Alexandre Dumas, le roman de l'Histoire

Par Fkuss

Qui n’a lu (sinon vu, en diverses adaptations), « Le Comte de Monte Cristo » et ne s’est émerveillé devant l’histoire folle de la vengeance d’Edmond Dantès ? Qui ne connaît le faux d’Artagnan, celui des « Trois Mousquetaires », né de l’imagination fertile d’Alexandre Dumas quand seuls les historiens et les érudits sont capables de détailler par le menu la vie tout aussi trépidante du véritable capitaine de Louis XIV ?

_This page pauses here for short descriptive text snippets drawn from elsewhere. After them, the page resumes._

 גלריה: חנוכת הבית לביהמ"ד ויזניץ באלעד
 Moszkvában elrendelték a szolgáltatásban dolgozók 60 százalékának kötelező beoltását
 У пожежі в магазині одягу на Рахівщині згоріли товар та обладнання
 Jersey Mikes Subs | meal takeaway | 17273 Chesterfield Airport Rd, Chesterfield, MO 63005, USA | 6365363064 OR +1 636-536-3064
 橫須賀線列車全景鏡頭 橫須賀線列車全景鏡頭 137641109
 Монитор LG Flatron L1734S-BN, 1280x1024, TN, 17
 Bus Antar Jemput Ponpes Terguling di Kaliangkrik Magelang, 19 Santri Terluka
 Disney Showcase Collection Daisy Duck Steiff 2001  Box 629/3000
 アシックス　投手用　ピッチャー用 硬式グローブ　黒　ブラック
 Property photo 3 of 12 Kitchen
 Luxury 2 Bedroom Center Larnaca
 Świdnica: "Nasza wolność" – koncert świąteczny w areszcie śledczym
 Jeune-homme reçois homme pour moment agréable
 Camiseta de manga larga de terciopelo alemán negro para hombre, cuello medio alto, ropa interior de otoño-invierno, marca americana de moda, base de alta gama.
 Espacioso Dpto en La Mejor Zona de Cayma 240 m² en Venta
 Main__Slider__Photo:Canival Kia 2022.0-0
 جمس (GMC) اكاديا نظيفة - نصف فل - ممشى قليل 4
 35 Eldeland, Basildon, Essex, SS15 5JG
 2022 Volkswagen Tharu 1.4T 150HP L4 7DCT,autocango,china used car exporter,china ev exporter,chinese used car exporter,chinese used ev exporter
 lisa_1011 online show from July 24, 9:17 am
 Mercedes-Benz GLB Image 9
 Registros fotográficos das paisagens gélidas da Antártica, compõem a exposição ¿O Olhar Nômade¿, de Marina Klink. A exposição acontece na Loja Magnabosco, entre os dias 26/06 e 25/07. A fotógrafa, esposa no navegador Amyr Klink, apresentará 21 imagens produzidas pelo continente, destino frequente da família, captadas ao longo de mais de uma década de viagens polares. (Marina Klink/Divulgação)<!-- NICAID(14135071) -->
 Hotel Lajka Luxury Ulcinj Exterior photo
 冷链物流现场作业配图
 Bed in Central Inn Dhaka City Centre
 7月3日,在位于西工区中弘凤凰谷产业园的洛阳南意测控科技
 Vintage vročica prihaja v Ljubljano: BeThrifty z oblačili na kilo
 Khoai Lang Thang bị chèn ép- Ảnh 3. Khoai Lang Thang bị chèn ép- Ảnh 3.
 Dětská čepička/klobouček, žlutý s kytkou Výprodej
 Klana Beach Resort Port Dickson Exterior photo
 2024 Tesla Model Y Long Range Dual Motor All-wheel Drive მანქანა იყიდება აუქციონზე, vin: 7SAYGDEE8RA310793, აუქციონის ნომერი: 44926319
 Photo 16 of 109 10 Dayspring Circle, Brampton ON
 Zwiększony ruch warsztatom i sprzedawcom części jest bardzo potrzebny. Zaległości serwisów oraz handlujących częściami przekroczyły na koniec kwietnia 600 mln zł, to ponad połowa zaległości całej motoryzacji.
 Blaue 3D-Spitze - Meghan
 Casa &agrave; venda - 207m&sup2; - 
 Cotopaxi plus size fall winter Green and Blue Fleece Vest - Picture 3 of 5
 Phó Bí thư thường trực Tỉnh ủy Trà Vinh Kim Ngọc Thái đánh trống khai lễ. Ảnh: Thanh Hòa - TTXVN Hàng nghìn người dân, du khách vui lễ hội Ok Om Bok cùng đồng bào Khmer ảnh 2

Pour ne citer qu’eux, à qui l’on peut rajouter également « La Reine Margot », ces livres d’Alexandre Dumas font aujourd’hui tellement partie du patrimoine culturel commun qu’ils en viennent presque à réduire, dans l’imaginaire collectif, l’activité insatiable de l’écrivain au seul roman quand sa plume, si alerte, fut au service d’une œuvre encore plus dense et riche, une œuvre plurielle qui explora aussi le théâtre et de nombreux champs, à commencer par la grande passion du XIXème siècle : l’Histoire.

Alexandre Dumas, historien ?

Au sens strict du terme, tel que nous l’entendons aujourd’hui que les humanités se sont muées en « sciences sociales » en adoptant aux « sciences naturelles » la méthodologie d’Auguste Comte de l’objectivation des faits et la nécessité de Seignobos de se baser sur des sources et documents vérifiables, nous aurions du mal à dire qu’Alexandre Dumas fut un historien. Et même si Marc Bloch ou Lucien Febvre, avec les Annales, ont contribué à élargir le rôle de l’historien au-delà du cercle étroit de la description des faits passés, il n’en demeure pas moins que lire les écrits que consacre Alexandre Dumas aux évènements révolus, c’est lire bien plus que de l’Histoire, c’est lire la vie.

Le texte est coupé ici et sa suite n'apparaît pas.